As you’d expect from such a mandate, there are dozens of detail improvements, some of which you can see, others of which are buried deep inside the car. For example, the clutch is a race-inspired dual-disc piece designed for minimal reciprocating mass and a quick, clean take-up.
NFF upgraded the Ferrari’s brakes with new bits from Giro Disc, the largest that would fit inside the stock 16-inch wheels, which themselves were shod with Pirelli P7 rubber. (Peak was adamant about retaining the 308’s classic look, and larger wheels with ultra-low profile-tires didn’t fit the bill.) Custom coil-over shocks and anti-roll bars were built by NFF specially for this car. After they were installed, the suspension was set up on a corner-weighting jig, the ride height carefully adjusted for the perfect stance, and the alignment optimized for precise handling.

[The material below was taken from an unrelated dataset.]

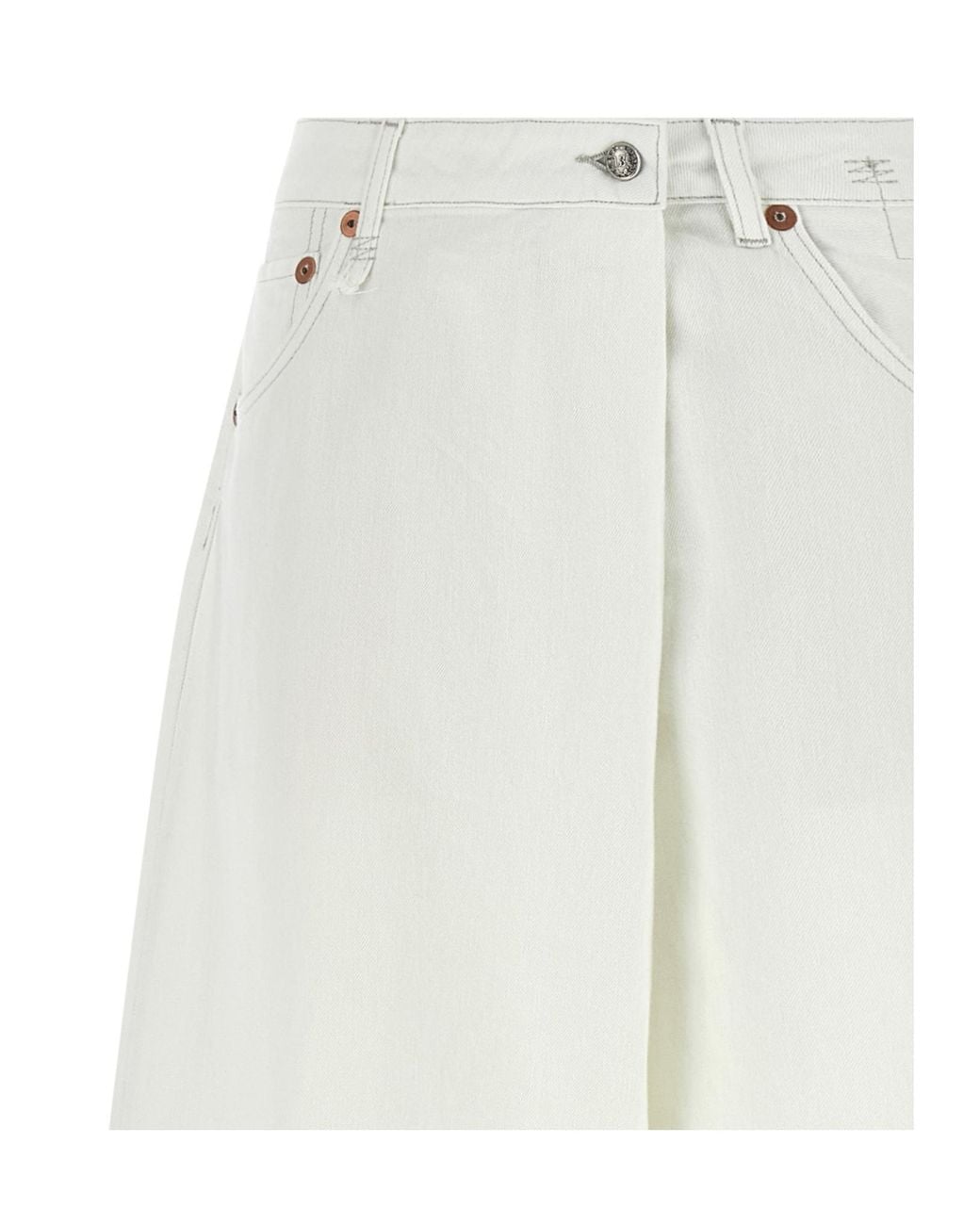 R13 White Belt Loop Jeans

The Ferrari’s interior enjoyed its own stock-but-better reimagining. The seats were redone in a pattern and color similar to stock, with higher grade leather and black piping, while the door panels were reconfigured to eliminate the map pockets. The radio has likewise been vanquished, and the central HVAC vents were remounted in its location; Peak says the only music he needs comes from the engine bay. The drilled aluminum, leather-lined pedals are custom, of course.

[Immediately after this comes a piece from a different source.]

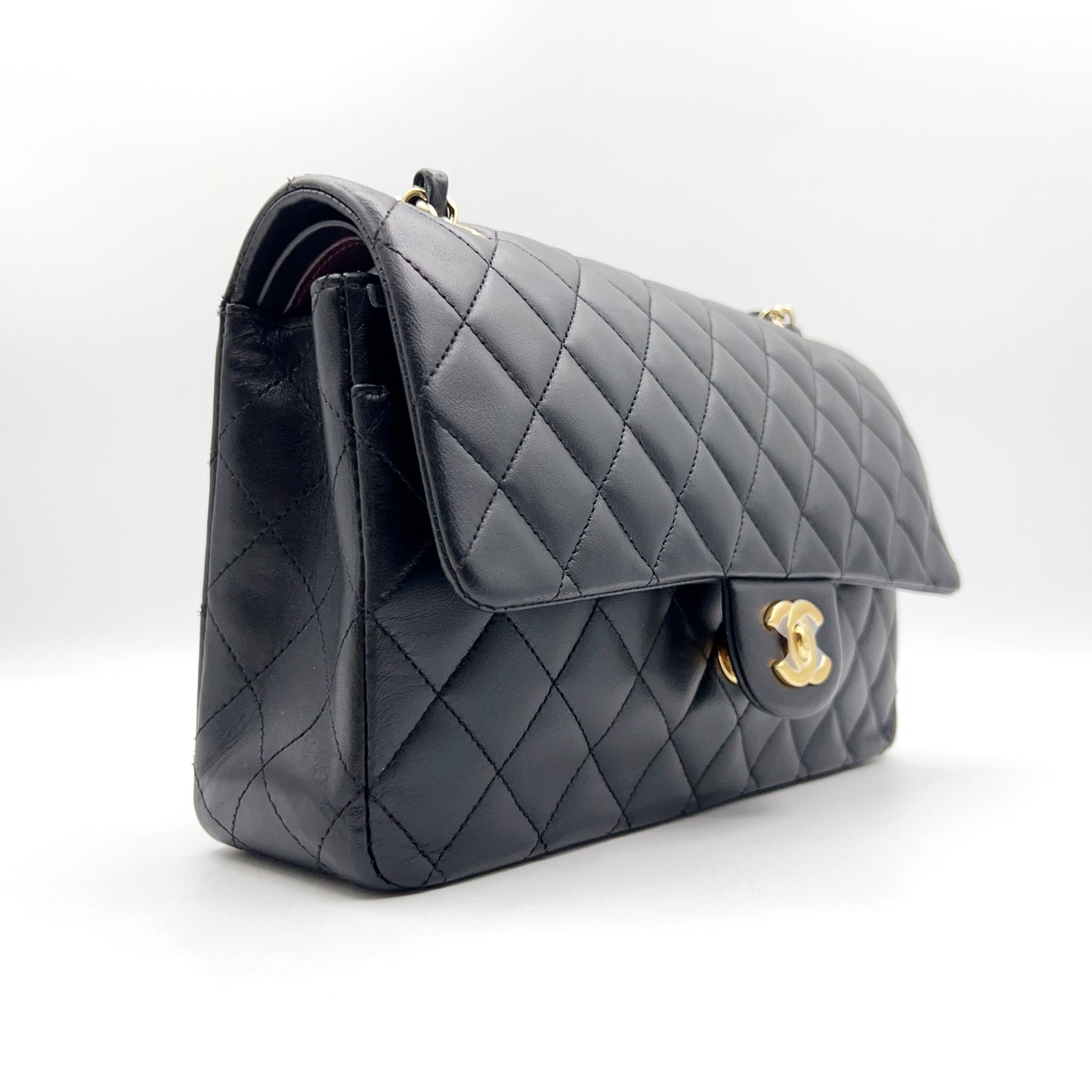 Preloved Chanel Black n Gold Classic Flap Medium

The lightly tinted windows go up and down much faster than stock, thanks to an NFF-designed two-relay setup that works without overtaxing the electrical system. Speaking of electrics, much of the car’s factory “spaghetti loom” has been replaced with neatly wrapped, heavy-duty wires for more reliable operation and general robustness.
The rear luggage area received just as much attention as the cockpit. “Like every other 308, my rear luggage area tonneau cover’s zipper was broken and its crappy stock material was falling apart,” says Peak. “So Nick’s mother-in-law made a new rear tonneau cover out of uber-soft Plonge glove leather and a durable YKK zipper.”
The fresh-looking paint job was actually done back in 2012, but the NFF crew added their own touches to the exterior, such as the custom grille, additional fog lights, and gloss black Euro-spec bumpers. The stock rear fascia didn’t fit with the new exhaust, so was eliminated. Its removal lets the fully polished exhaust peer out clearly from under the car.